NHK大河「青天を衝け」! 読む感動と見る感動、物語の素晴らしさは役者によって倍増する
表情の変化だけで幕末における一人物の有り様を、テレビを見た者は理解できた。それほど秀逸の演技だった。
日も刺さない中、暗い狭い部屋で待つ渋沢篤大夫の前に現れたのは、かつての若々しくきびきびとしたイメージの慶喜とは全く違う、うらぶれてもぬけの殻のようになった生気のない慶喜であった。
9月12日放映のNHK大河「青天を衝け」第26話に登場した草彅剛演じる徳川慶喜は頂点から落ちた哀愁漂う男になっていた。着ているものは殿様の装いではなくかつての栄華はない。自身は新政府軍に敗れ駿府に蟄居する身、そこに弟である徳川昭武の渡仏に同行した渋沢篤大夫(後の渋沢栄一)が、パリでの昭武の日本側名代としての堂々たる姿を報告する。徐々に顔に緩やかな微笑みが戻ってきて、弟の活躍に微かな喜びを表すのである。

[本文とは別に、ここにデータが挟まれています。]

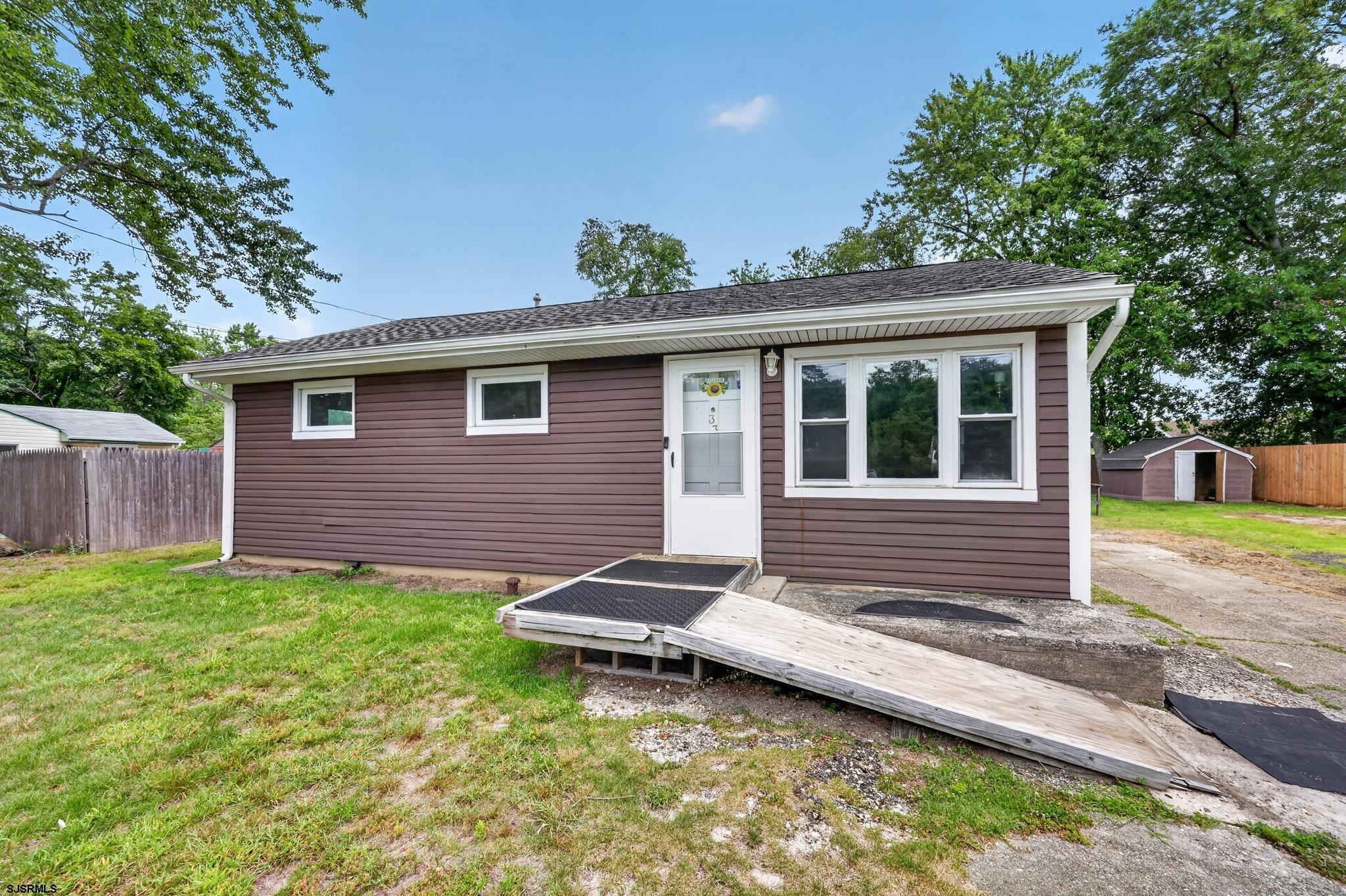 33 Stagecoach Road Southampton, NJ 08088 - Photo 1 of 5 Gallery Image 1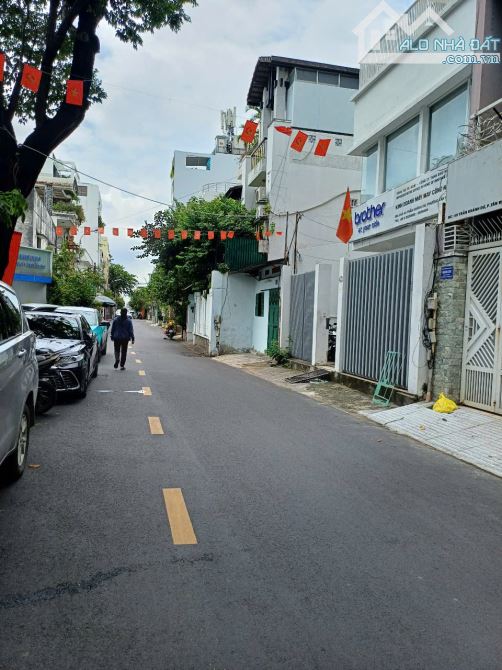 Cần bán nhà MT đường Trần Khánh Dư, Quận 1,DT:4,5mx16, K/C 4 tầng, Giá chỉ 27 tỷ - 1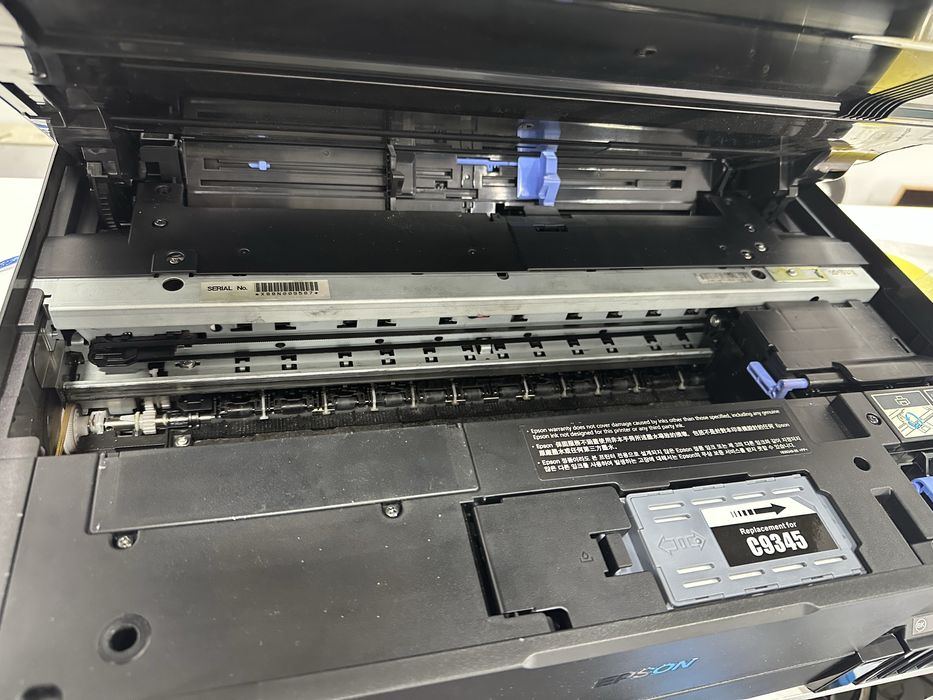 Продаётся принтер Epson EcoTank L8180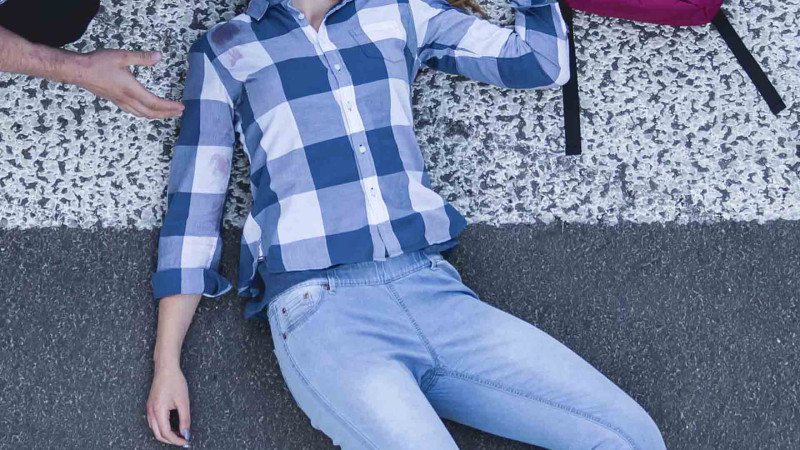Paytaxtda ana və qızını avtomobil vurub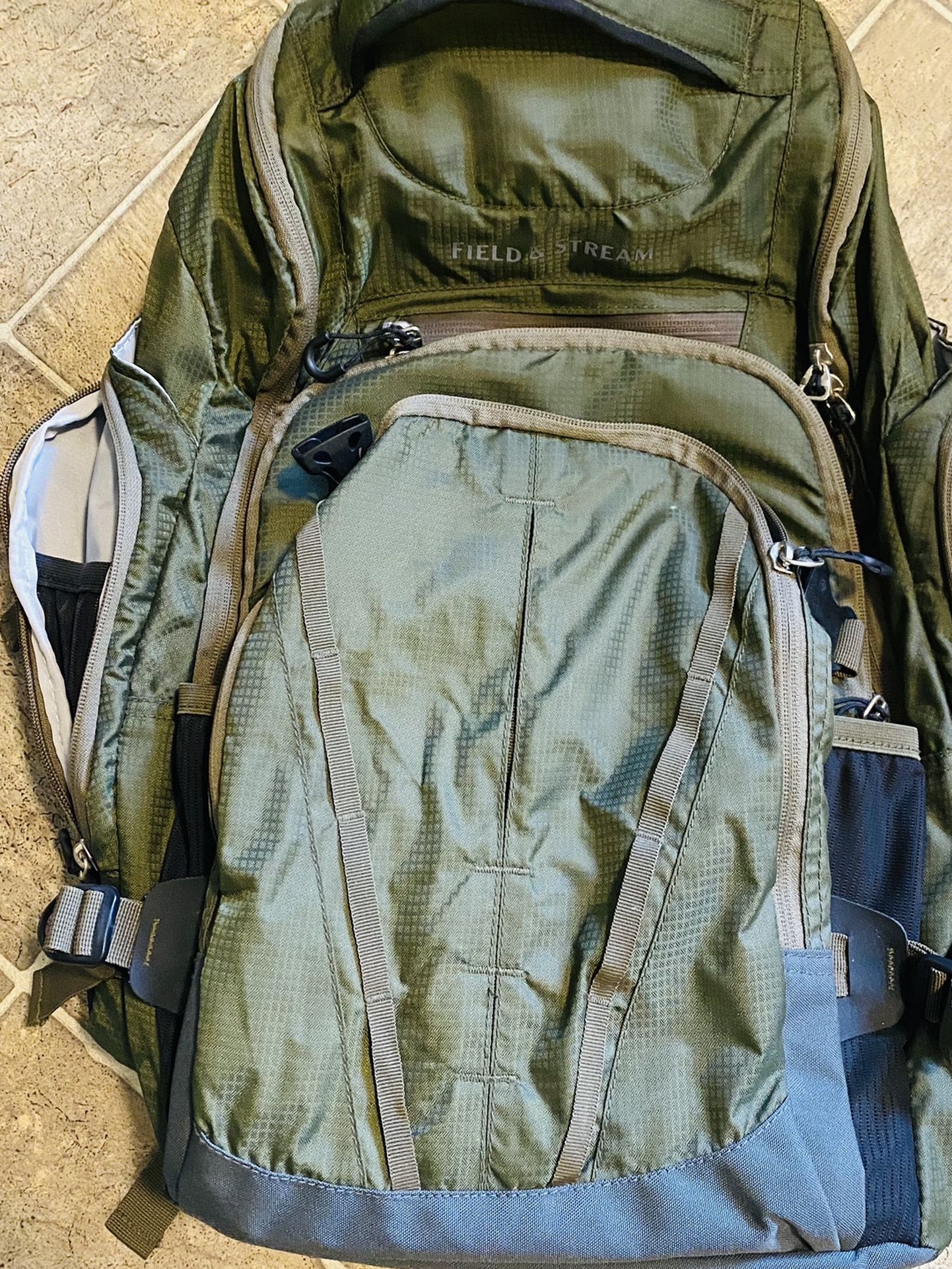 Brand New Field & Stream Backpack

しかし、昭武が第16代将軍になることもなかったし、その外遊の経験と見聞、知識を生かして新政府に入ることはなかった。まして慶喜自身もである。全て歴史が証明するところである。叶わぬこととなった新たな時代における自身の夢が、脆くも崩れ去った後の心情が僅か1〜2分の演技で、全てを視聴者は感じることができたはずである。久々に見た名演技であり、草彅剛の演技力に脱帽する。本ドラマの中では、一時代に終止符を打った悲哀あふれる波瀾万丈の将軍として、草彅剛こそがはまり役だったと言えるかもしれない。
話は変わるが、どんな役者が演じるかによって、その映画やドラマが別物に変わることがある。そして、その役者はその映画やドラマと一体となって見た者の脳裏に焼き付き、いつまでも心に残る。様々な役者によって演じられたドラマは多いが、主人公と役者が視聴者のイメージの中で一体となり、切っても切れないものになることがある。

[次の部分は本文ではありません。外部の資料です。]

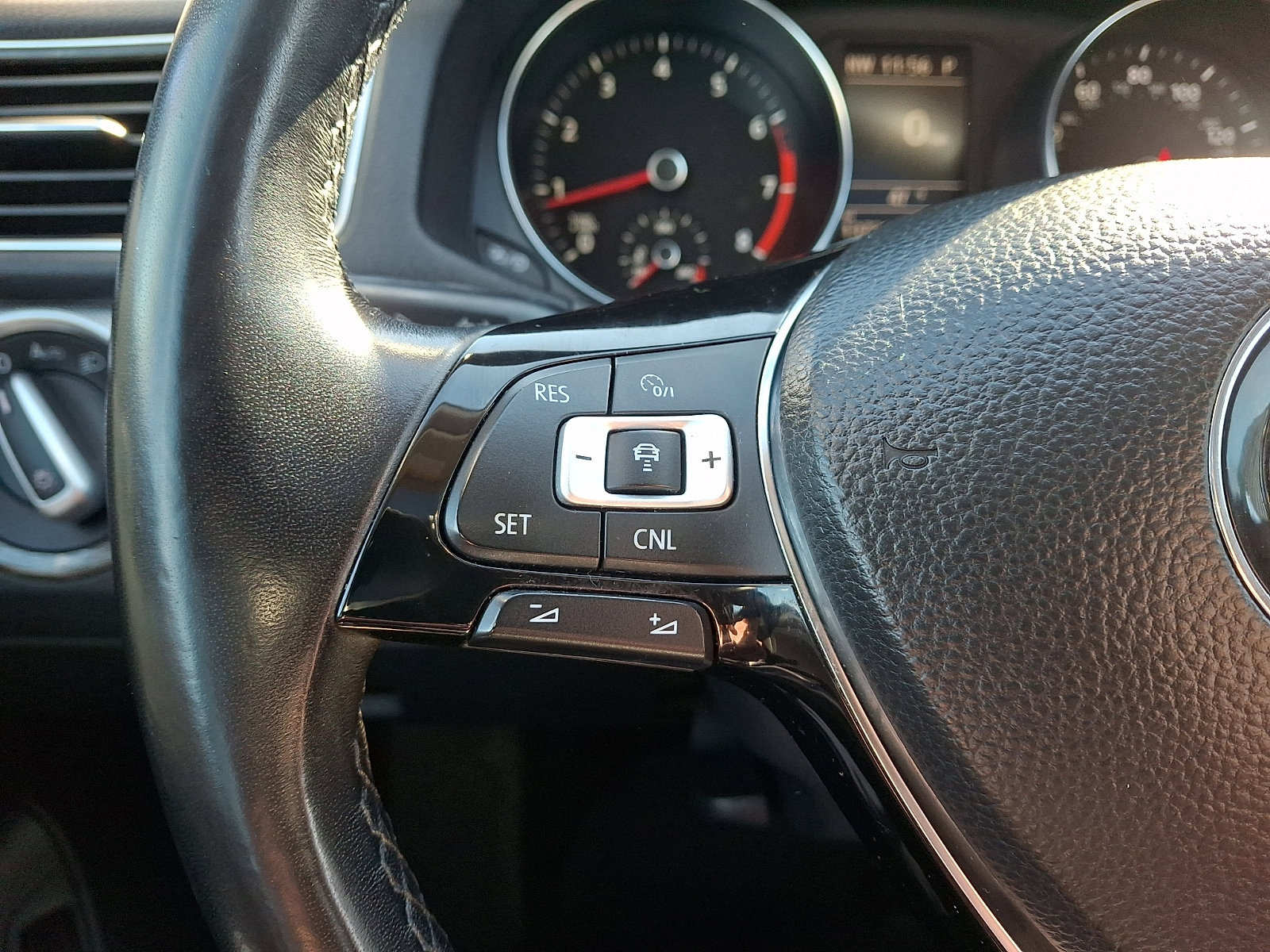 Used 2016 Volkswagen Passat 1.8T SE w/ Lighting Package (P06) image 22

私のイメージでは、白い巨塔の財前五郎は田宮二郎、砂の器の和賀英良は加藤剛、横溝正史の金田一耕助といえば古谷一行、007のジェームズ・ボンドはショーン・コネリーが一番に思いつくしピッタリのはまり役だ(青天を衝けで土方歳三役をやっている町田啓太は、土方に風貌も似ている2枚目で今回まさにはまり役になっている)。坂本龍馬と西郷隆盛は、あまりに多くの俳優が演じており、誰もがぴったりだったような気もするが、私が選ぶキャスティングとしては、福山雅治と鈴木亮平が真っ先に出てくる。

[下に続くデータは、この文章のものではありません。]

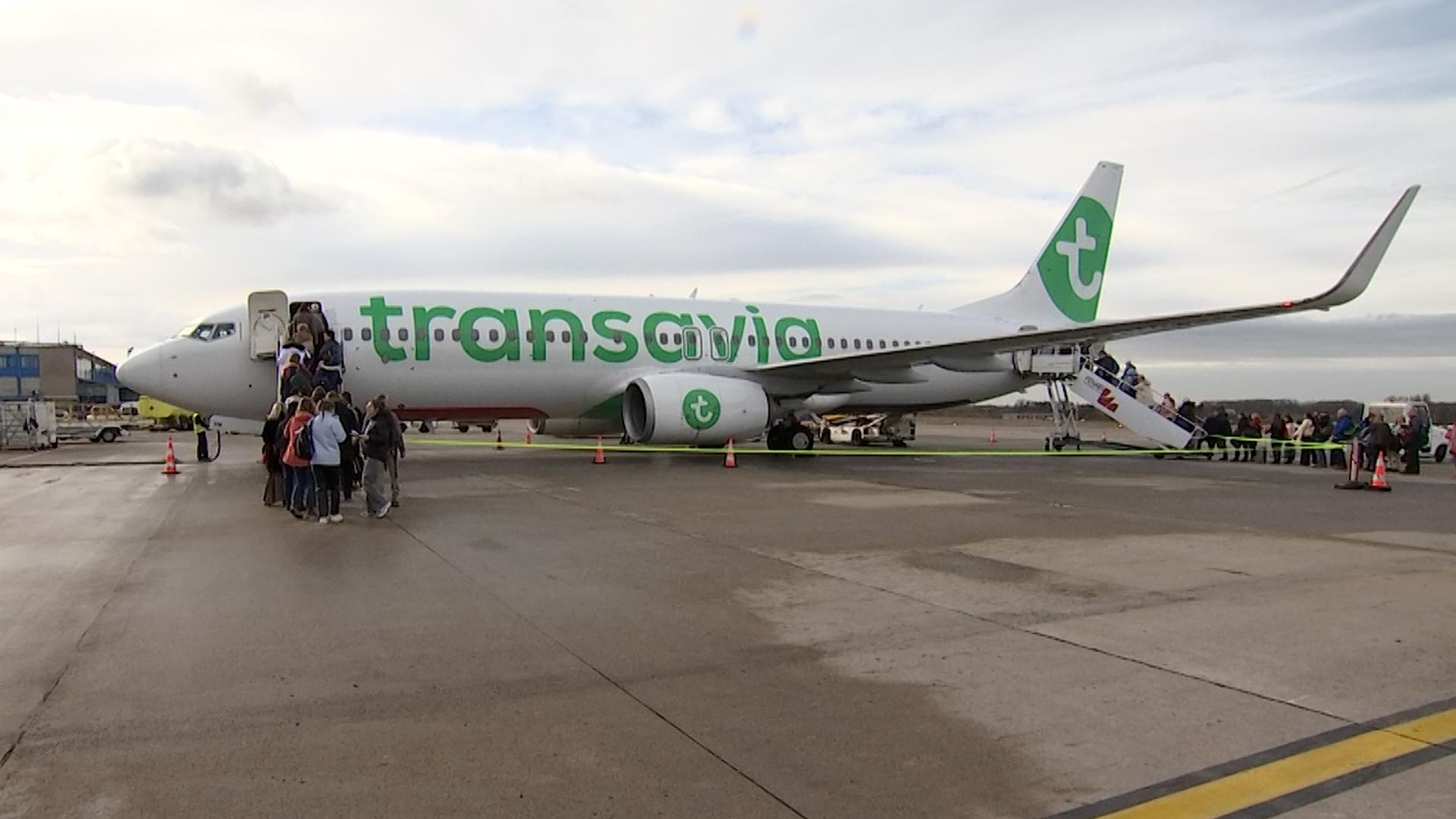 Voyages Léonard troque le car pour l'avion !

一方、あまりにその役柄がはまり過ぎて、まるで同一人物の如くイメージされたのが、フーテンの寅さんの渥美清、トラさん以外の役柄は全く想像できない。風と共に去りぬのビビアンリーもスカーレット・オハラ以外の彼女は描けない。それぐらい適役でありすぎた。それ以外の役柄ではほとんど評判取ることもできなかったというのは彼らにとっては幸だったのか不幸だったのか。
徳川慶喜に話は戻るが、「青天を衝け」で演じられている姿と実際の慶喜は違ったかもしれない。司馬遼太郎も「最後の将軍」を書いているが、つかみどころのない性格であったようだ。周りの家臣たちも飄々とした態度に戸惑うこともあったようだ。実際は蟄居しながらも多彩な趣味を生かし、絵を描いたり、鷹狩りに勤しんだり、落ちぶれた精神や生活ではなかったという話もある。この何を考えているかわからないような性格だったからこそ、大政奉還という大仕事を成し遂げたのかもしれない。
ドラマはこれから明治に入って行き、いよいよ渋沢の本格的な活躍が始まる。日本の資本主義の父と言われる彼の後半生も見逃せず、日曜の夜はまたテレビの前に釘付けにならざるを得ないようだ。